Another option is to use Filter
and MDC (Mapping Diagnostic Context). Basically, each request coming to API will be intercepted through Filter. In Filter, you can add a unique id to MDC map. Use the logging pattern that uses the key from MDC map. This way, your request will have tracking information. One thing to remember is to clear the context from MDC once your API has responded to the client.

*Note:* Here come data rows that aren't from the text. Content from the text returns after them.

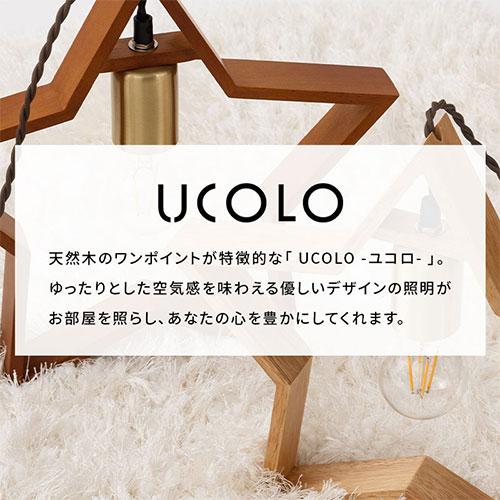 ぼん家具 UCOLO ユコロ E26口金 星 ペンダント ライト おしゃれ 1灯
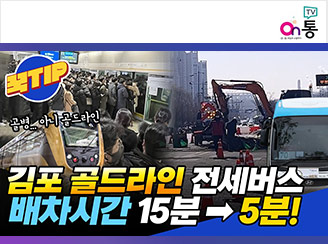 새창열림 - 꾹TIP 김포 골드라인 전세버스 배차시간 15분 → 5분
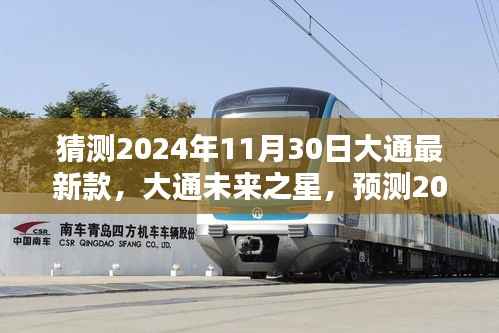 大通未来之星，预测大通最新款车型于2024年11月30日发布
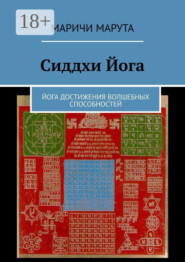 Сиддхи Йога. Йога достижения волшебных способностей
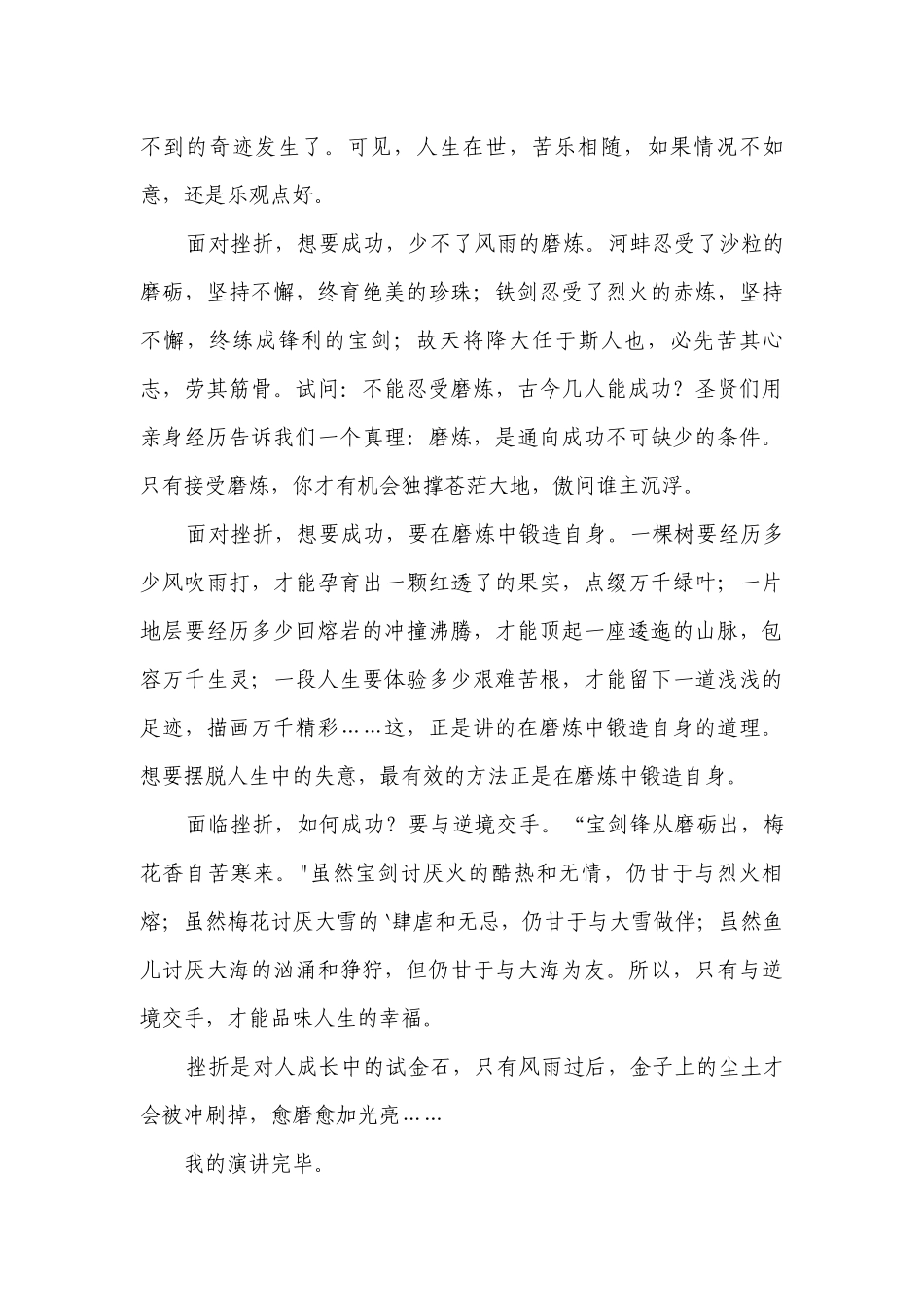 直面挫折中小学国旗下简短精彩一等奖演讲发言稿【通用10篇】.docx_第2页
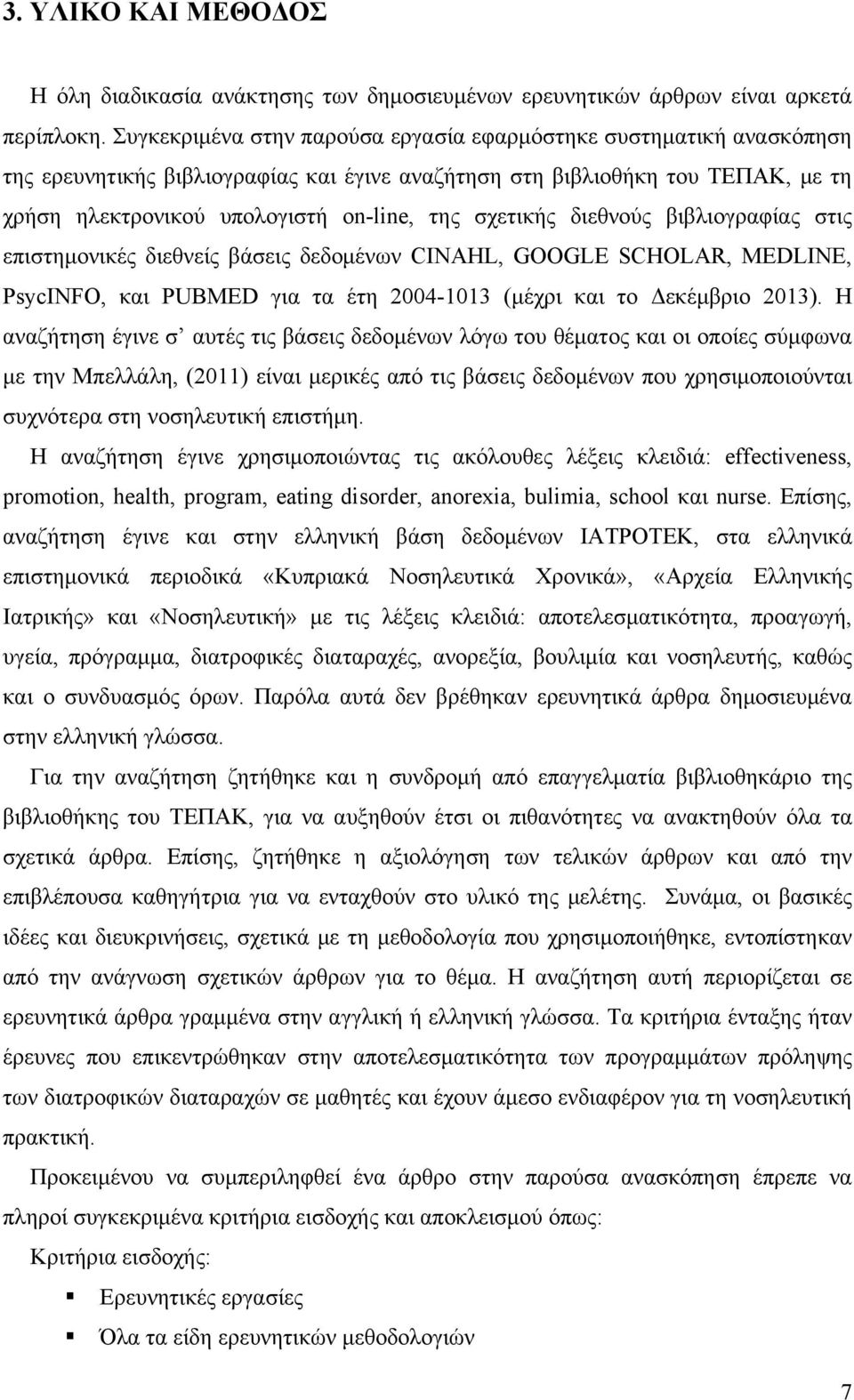 σχετικής διεθνούς βιβλιογραφίας στις επιστημονικές διεθνείς βάσεις δεδομένων CINAHL, GOOGLE SCHOLAR, MEDLINE, PsycINFO, και PUBMED για τα έτη 2004-1013 (μέχρι και το Δεκέμβριο 2013).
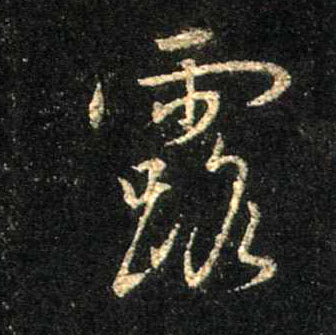 行书 露
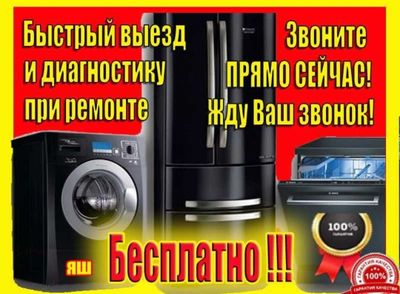 Ремонт холодильника кондиционера всё битовая техника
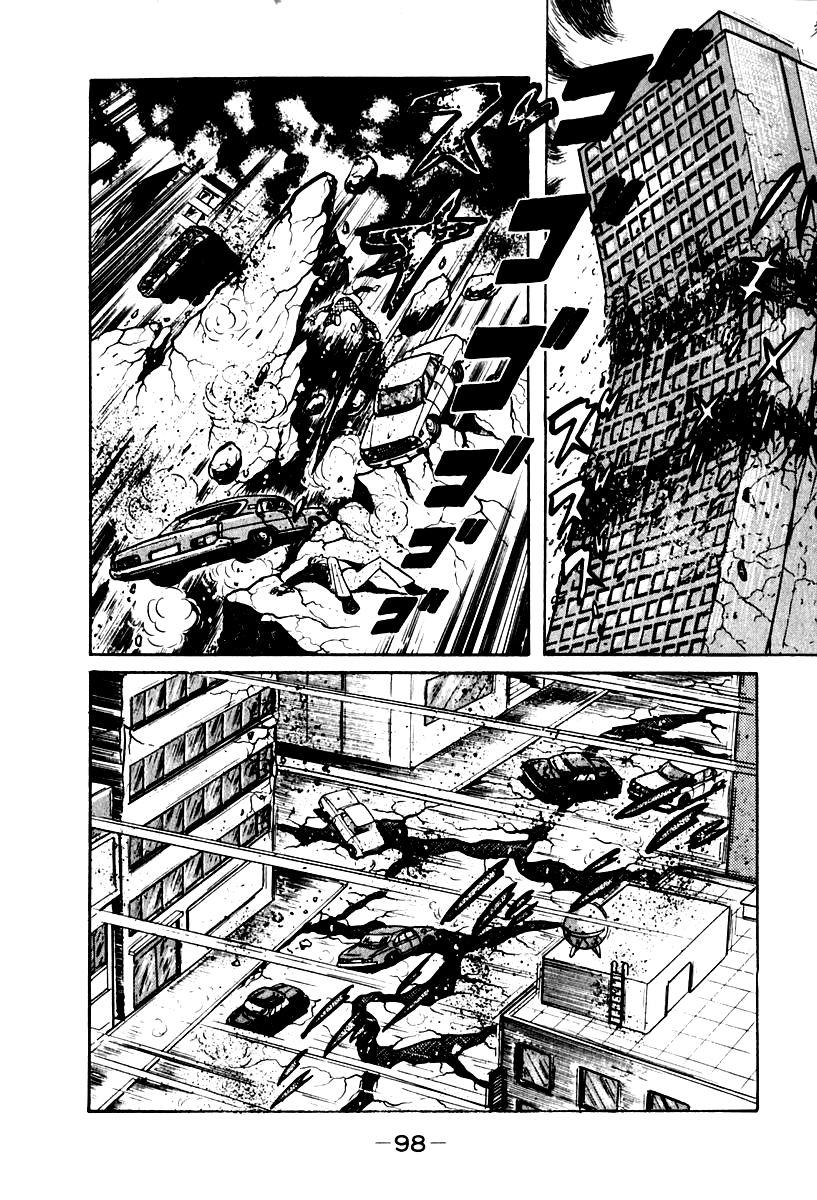 Susanoou Chapter 51 page 5 - Chapter 51 : V6C4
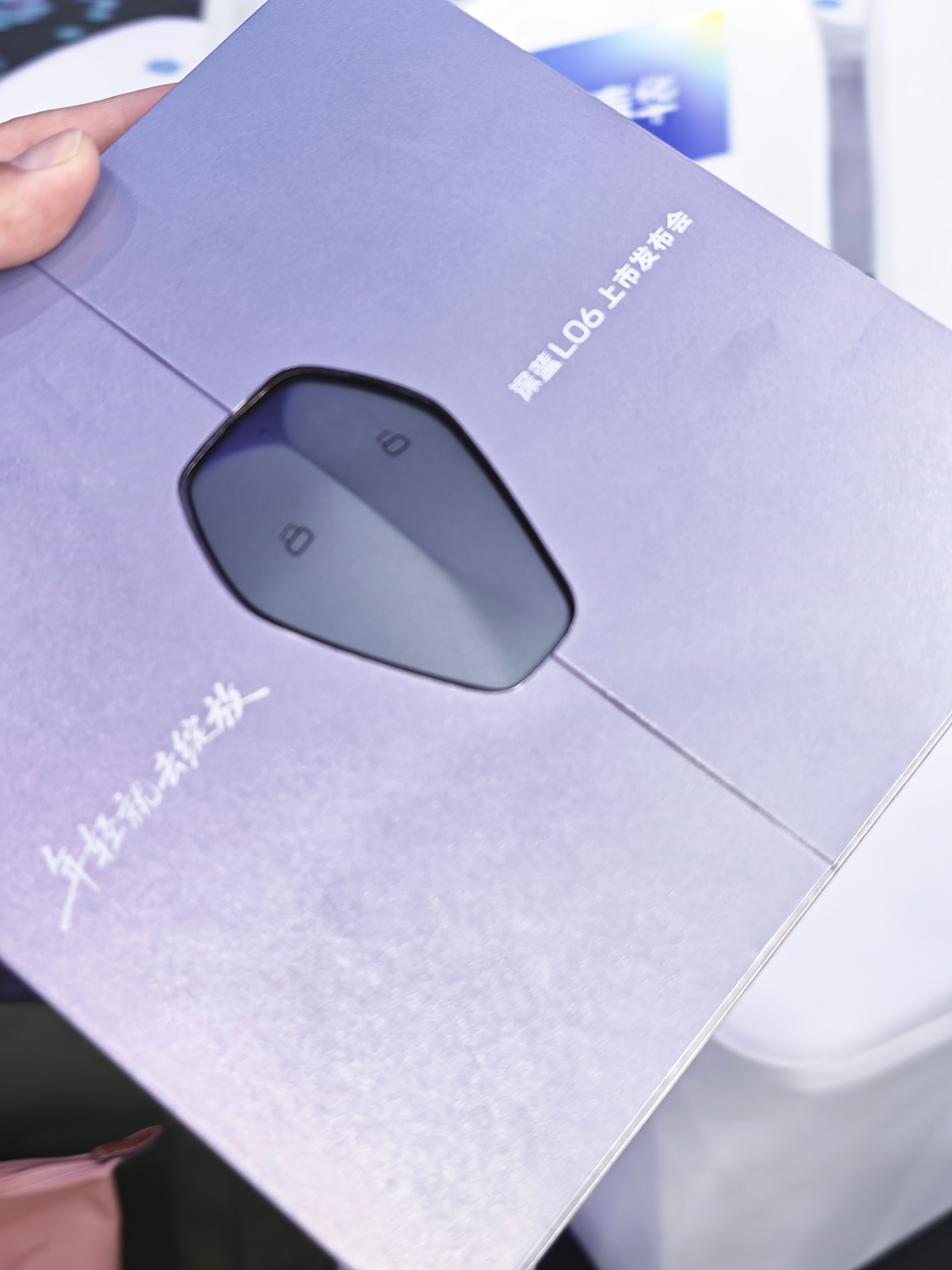 我擦刘浩存亲签车钥匙这波车主赚大了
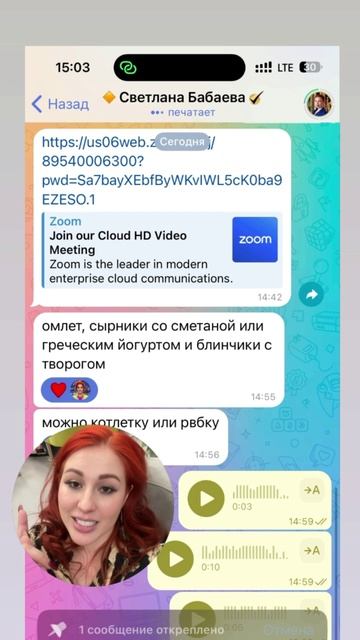 ПОДРОБНЕЕ В Https://t.me/wow_content_ru. Аккаунт: ТВОЙ Wow-content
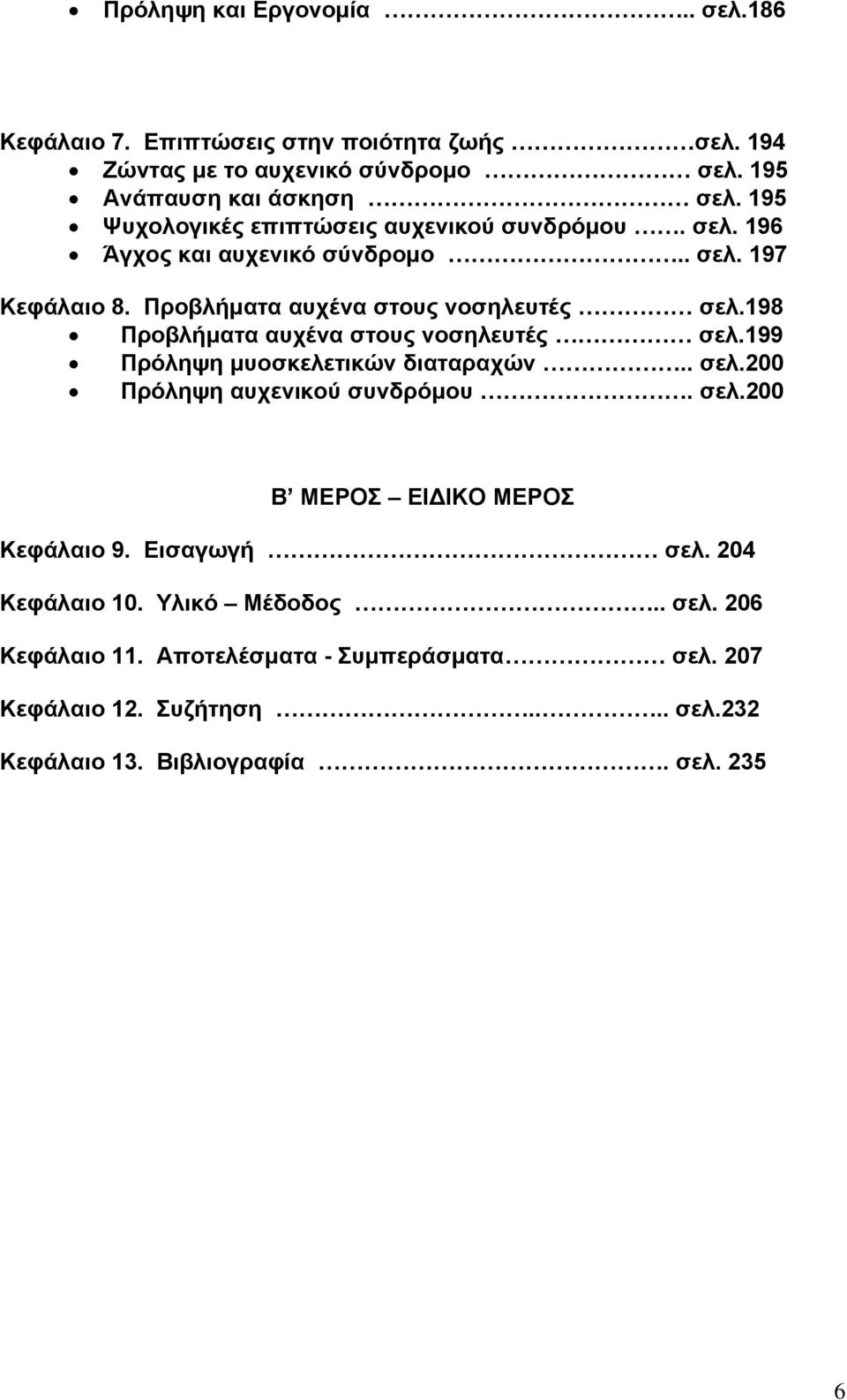 198 Προβλήματα αυχένα στους νοσηλευτές σελ.199 Πρόληψη μυοσκελετικών διαταραχών.. σελ.200 Πρόληψη αυχενικού συνδρόμου. σελ.200 Β ΜΕΡΟΣ ΕΙΔΙΚΟ ΜΕΡΟΣ Κεφάλαιο 9.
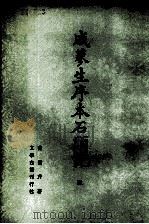 戚蓼生序本石头记 5 PDF电子版封面 曹雪芹著
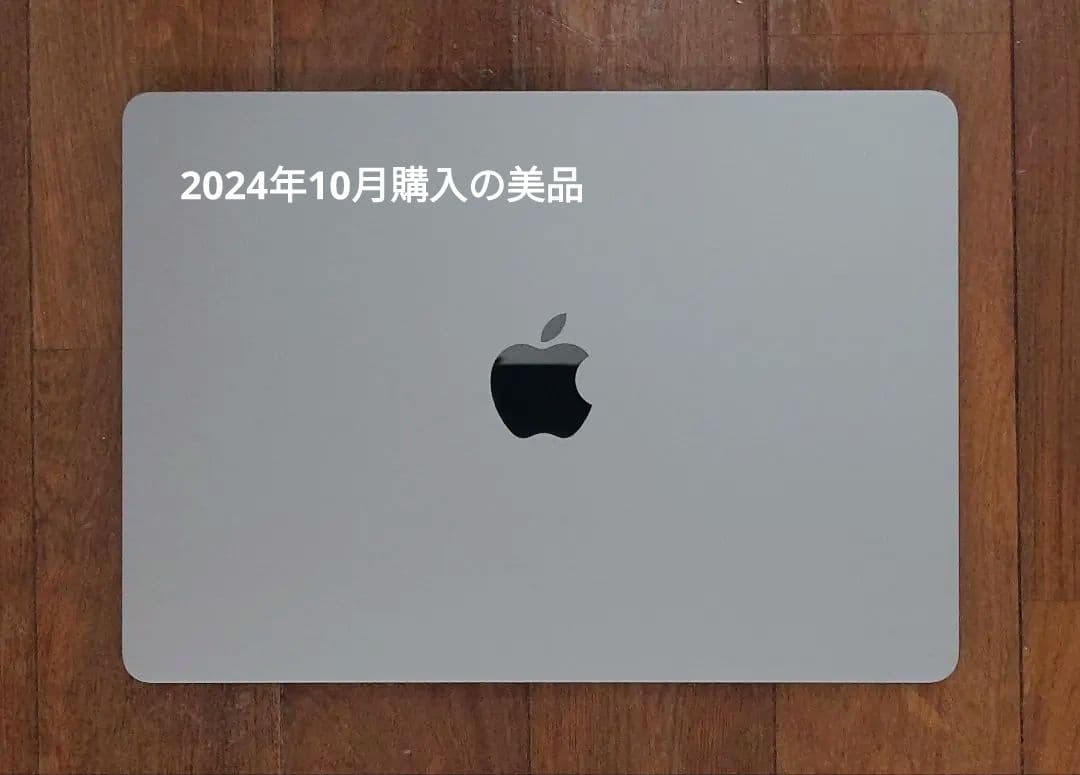 Apple MacBook Air M3 13インチ 8GB 256GB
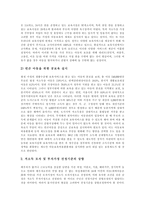 [빈곤, 결식아동] 빈곤, 결식아동의 실태와 결식아동 지원 사례 및 향후 빈곤, 결식아동을 위한 대책 분석-5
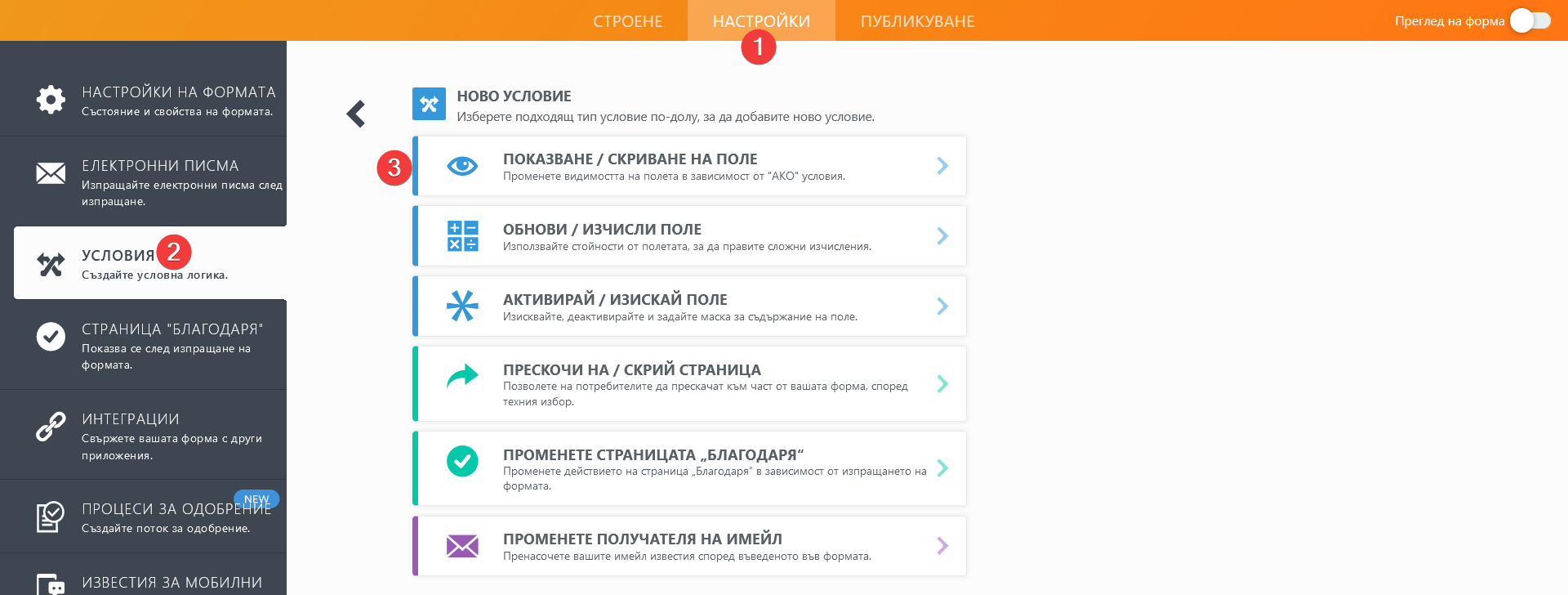 Как да създадете основна форма с повече от една опция за плащане Image-6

Configuring Logs for Monitoring
In the enterprise world, one way to configure logs is to store the logs in files and stash these files on a central location on a cloud server. AWS offers easier flexibility to pull this information in cloud watch from storage S3 and then one can use tools like Kibana and Elastic search for monitoring the logs and metrics.
Conclusion
In this post, we detailed how to use logging in spring boot-based microservices. We also discussed Logback
configuration that one can use while using Logback framework in the Spring Boot application.
Most of these practices are standard and if followed properly, ensure the troubleshooting and monitoring of applications in a production environment.